I’m not claiming to be the expert here, because I’m on this situation myself and I have much to say right now. I have this feeling of being rejected, inability to breathe easy, wondering what I’ve done wrong. I’ve been in a relationship for less than 10 years, we we’re not only lovers, but we were best friends. We had our moments and arguments and small break ups (they lasted no more than 2 days) and I always say to myself "The one thing I love about us was, how we get back together stronger". We had some problems but we were both willing to work on it together and things would improve for a little bit and then they would go back to the way they were before. I've done all that I could to make my partner to feel secure within our relationship and know that we both love each other, BUT this time, I call it a dilemma.
I will now break my silence. Writing about me this time is quite uneasy. Just imagine me bursting into tears while encoding this blog of mine.
A little back - story first. It has all started with a simple argument, and thought that we could patch things too soon. This time, it turned out to be, unpredictable and hurting. There was a sudden change; I pay no heed to it. I just thought, things will just pass us by as I always believed in.
What if you were in my shoes and told by your lover, “I no longer feel anything about you, I need to be alone and wants to do things all by myself without you”. I was told, “I don’t want to be meddled, don't want to receive a text message asking where in the world am I, what time will I come home. Who’s with you, a sort like that? And vice versa, my partner does it too to me without recognizing that it is but normal to be treated that way and I got upset because these things were just some of the moments which are actually JUST when inside a relationship. I was caught off balance at how guarded the situation was. The passion is gone. Maybe it got monotonous, it went controlling. I was kept hanging. The need of space in a relationship was requested. I got confused, well, this thing happened before but it went different ways this time. And now it’s over! We’re done.

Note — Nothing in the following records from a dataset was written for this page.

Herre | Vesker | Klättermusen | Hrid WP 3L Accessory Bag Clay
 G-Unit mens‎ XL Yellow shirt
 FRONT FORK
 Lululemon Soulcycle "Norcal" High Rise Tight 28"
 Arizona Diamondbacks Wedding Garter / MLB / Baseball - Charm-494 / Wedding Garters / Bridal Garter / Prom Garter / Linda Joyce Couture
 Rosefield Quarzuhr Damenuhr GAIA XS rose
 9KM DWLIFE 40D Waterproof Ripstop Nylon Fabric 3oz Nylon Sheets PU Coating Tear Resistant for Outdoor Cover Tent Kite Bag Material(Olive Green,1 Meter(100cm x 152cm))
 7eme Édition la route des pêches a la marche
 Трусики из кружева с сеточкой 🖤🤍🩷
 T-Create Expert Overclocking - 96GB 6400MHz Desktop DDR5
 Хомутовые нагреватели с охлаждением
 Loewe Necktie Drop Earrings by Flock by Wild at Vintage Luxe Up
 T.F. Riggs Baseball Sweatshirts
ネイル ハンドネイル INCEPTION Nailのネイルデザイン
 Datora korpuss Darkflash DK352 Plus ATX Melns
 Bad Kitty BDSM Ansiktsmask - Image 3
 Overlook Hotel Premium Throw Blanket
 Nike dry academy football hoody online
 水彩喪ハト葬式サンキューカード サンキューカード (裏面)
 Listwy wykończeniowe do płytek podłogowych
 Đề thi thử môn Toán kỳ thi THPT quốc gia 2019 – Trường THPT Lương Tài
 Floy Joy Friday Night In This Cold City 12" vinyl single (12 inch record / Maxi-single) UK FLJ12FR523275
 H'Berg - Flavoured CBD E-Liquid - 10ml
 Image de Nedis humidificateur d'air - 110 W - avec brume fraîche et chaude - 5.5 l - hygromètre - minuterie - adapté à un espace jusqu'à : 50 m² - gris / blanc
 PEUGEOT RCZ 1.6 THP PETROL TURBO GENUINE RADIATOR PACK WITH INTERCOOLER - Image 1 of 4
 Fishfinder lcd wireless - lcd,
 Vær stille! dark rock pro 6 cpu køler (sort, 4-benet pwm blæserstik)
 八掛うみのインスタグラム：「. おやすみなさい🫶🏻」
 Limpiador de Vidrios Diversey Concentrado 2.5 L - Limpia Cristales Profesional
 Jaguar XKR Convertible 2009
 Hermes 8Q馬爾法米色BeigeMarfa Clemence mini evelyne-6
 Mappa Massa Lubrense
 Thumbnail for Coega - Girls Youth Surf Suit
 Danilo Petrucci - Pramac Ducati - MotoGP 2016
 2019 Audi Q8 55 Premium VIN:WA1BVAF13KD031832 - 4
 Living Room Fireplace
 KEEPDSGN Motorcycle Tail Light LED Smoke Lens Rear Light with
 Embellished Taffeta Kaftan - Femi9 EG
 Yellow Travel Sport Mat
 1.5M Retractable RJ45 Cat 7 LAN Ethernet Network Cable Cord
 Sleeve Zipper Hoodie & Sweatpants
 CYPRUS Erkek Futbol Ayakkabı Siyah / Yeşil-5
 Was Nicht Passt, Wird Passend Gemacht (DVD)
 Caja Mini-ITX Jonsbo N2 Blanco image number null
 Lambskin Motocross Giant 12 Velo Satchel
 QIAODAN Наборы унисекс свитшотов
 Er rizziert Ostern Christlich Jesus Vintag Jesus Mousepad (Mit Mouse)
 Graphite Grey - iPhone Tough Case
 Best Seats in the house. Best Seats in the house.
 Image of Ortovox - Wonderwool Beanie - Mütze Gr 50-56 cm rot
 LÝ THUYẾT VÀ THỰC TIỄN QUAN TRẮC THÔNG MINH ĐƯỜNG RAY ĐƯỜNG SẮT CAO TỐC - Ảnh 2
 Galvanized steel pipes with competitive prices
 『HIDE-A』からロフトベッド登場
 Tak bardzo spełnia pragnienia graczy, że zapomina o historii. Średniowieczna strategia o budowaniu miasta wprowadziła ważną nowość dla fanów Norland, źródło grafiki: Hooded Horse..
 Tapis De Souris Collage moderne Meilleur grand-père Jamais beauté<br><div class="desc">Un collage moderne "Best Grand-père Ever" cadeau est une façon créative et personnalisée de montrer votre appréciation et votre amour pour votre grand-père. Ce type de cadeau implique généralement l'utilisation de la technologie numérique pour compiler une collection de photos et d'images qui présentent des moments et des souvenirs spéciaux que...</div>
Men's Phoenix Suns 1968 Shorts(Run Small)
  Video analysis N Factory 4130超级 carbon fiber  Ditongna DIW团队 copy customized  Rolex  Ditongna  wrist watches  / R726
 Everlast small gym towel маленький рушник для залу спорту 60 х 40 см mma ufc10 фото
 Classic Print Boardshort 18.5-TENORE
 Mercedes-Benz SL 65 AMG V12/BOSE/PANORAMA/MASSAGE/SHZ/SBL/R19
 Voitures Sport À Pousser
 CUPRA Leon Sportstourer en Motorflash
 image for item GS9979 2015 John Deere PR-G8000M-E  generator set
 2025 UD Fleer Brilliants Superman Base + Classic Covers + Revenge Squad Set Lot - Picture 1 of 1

I don’t want to start picking our battles, because I know, the more pressure I instill, the harder it is. I still love the person I used to be with. I am thinking now to respect that this person is struggling and in need of some space and time as hard as it is. I will give what this person needs for a while and that's time. These things work themselves out in the mean time, I know but if not, then i will have the time to work on myself which is to endure in this darkest moment.
I have read a book where in it says that, people shut down when stressed and there is a need to try and not take that personally or read too much into why they are doing that. So, sometimes it has nothing to do with me or their happiness in our relationship, there is just a need of time on their own to think and recoup. Only time can help me get these strong emotions into perspective. I need to grieve for this lost of love. This helps I know. It's easy to become withdrawn from everyday life when I’m loving someone who doesn't feel the same way, but it's vital that I will get out and fill my time constructively. Everyone says, it’s important to preserve my dignity and don't beg, but it’s easier said than done, when my heart just wants the things go back into places.
Right at this moment, I'm so scared that this is done. I will give a try not to look back. I think reality sets in and people get scared of what the future holds at times. And while it hurts like hell at this time and seems like the end of the world for me, surely, it's often a blessing in disguise. I don’t know what is in store for me, but I’m firm to stay positive. Life only throws me hardships; it knows I can pass, as long as I remain confident. Everything happens for a reason and everything will be okay. That I am one down working on it... tomorrow's another day...farewell CHE!